Un professionnel, responsable d’un centre communal d’action sociale, avait expliqué précédemment comment sa ville agit pour les personnes sans domicile. Toutes ces personnes se voient attribuer un logement. Peu de temps après avoir été relogée, une de ces personnes, d’une quarantaine d’années, est retrouvée décédée dans son appartement, “ il est décédé décemment ” conclut ce professionnel. Les militants questionnent : “ Certes, il avait un logement, il était à l’abri de la rue, mais a-t-on vraiment tenu compte des besoins de cet homme ? ”

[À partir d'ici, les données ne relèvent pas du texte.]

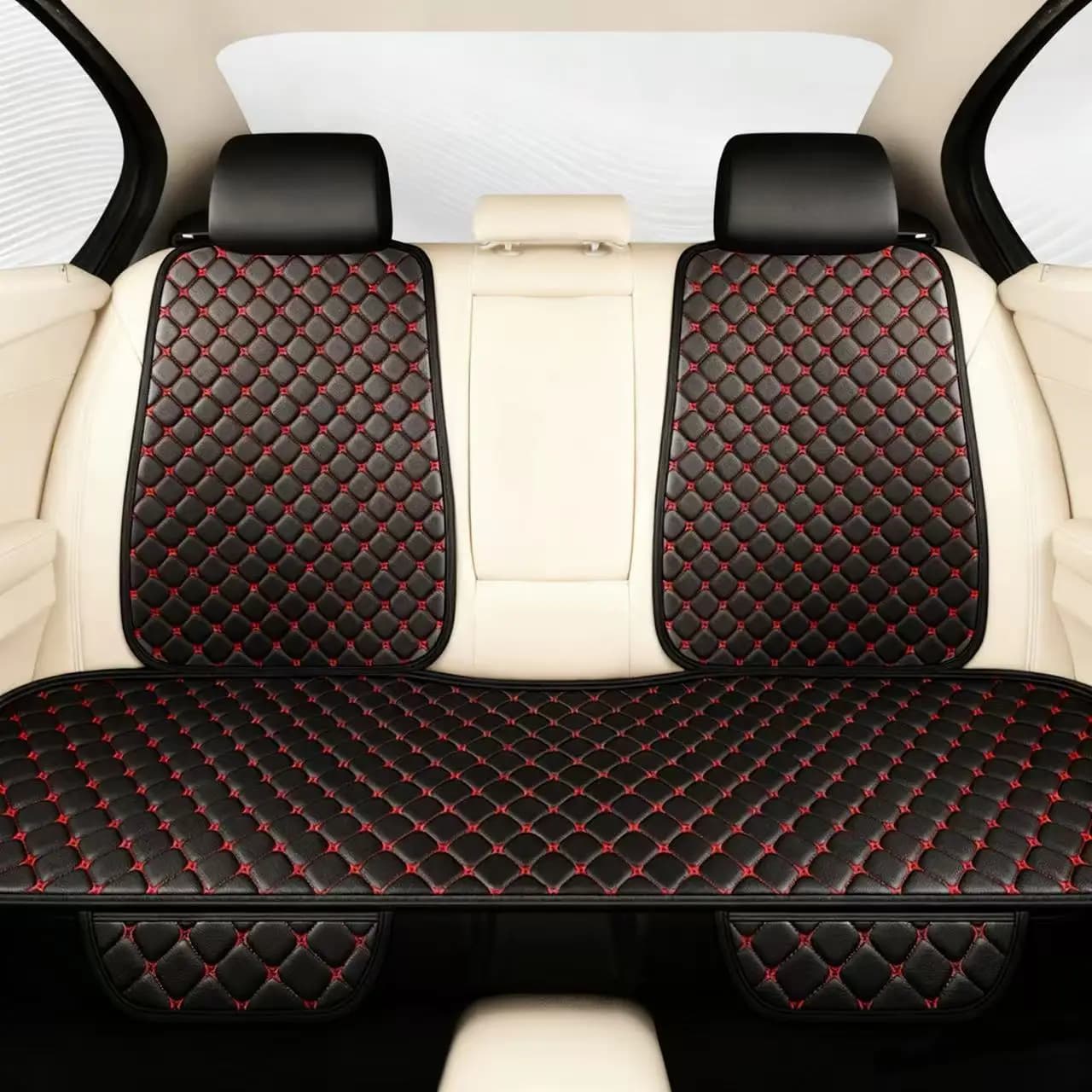 Set of 3 pieces in comfortable synthetic leather, seat cushion General Motors, back embroidered with star for cars Four Seasons, 2 rear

Pour Carine, Patricia, Baudouin, Joëlle, il est important de ne pas morceler ni cloisonner les besoins des personnes. Ils argumentent combien il est important de voir la personne dans sa globalité c’est-à-dire pas uniquement à travers ses manques mais aussi à travers ses aspirations.

Seuls les besoins primaires semblent vitaux quand il s’agit des personnes vivant la pauvreté. “ Une personne peut avoir des besoins culturels même si elle n’a pas de quoi manger ou se loger. C’est parfois la seule façon qui lui reste pour se raccrocher à quelque chose ” disent-ils.
Joëlle explique : “ Ma fille se moque de dormir dans un lit car elle préfère que l’argent qui servirait à l’achat de son lit soit consacré à ses cours d’équitation ”.

Patricia cite l’exemple de Geneviève Anthonioz de Gaulle, alors Présidente du Mouvement ATD Quart Monde. Pendant la Seconde Guerre Mondiale, Geneviève de Gaulle a vécu l’expérience du camp de concentration à Ravensbrück : “ Elle nous a dit que privée de tout, ce qui l’a aidée à tenir, c’est la culture et la spiritualité ”.

À ce moment de la discussion, je propose aux militants d’utiliser le tableau pour présenter leur façon de voir les besoins des personnes. La pyramide devient alors un cercle divisé en différents quartiers, sans ordre prioritaire et portant chacun le nom d’un besoin (santé, culture, ressources, logement, spiritualité, éducation, travail, …). Le professionnel du centre communal d’action sociale propose alors que ce schéma devienne une grille d’évaluation pour faire le point à la fois par la personne elle-même et par le professionnel : “ Ainsi, la personne peut être relativement satisfaite de son logement, mais préoccupée par son état de santé, la scolarité de ses enfants, son travail…”

La pyramide devenue cercle est désormais enseignée dans certains centres de formation d’intervenants sociaux et les acquis des programmes expérimentaux de recherche de Croisement des savoirs et des pratiques ont pour répercussion au fil des années de nombreuses co-formations au sein d’institutions professionnelles et un intérêt croissant du monde universitaire pour les recherches participatives en croisement des savoirs avec des populations en situation de pauvreté.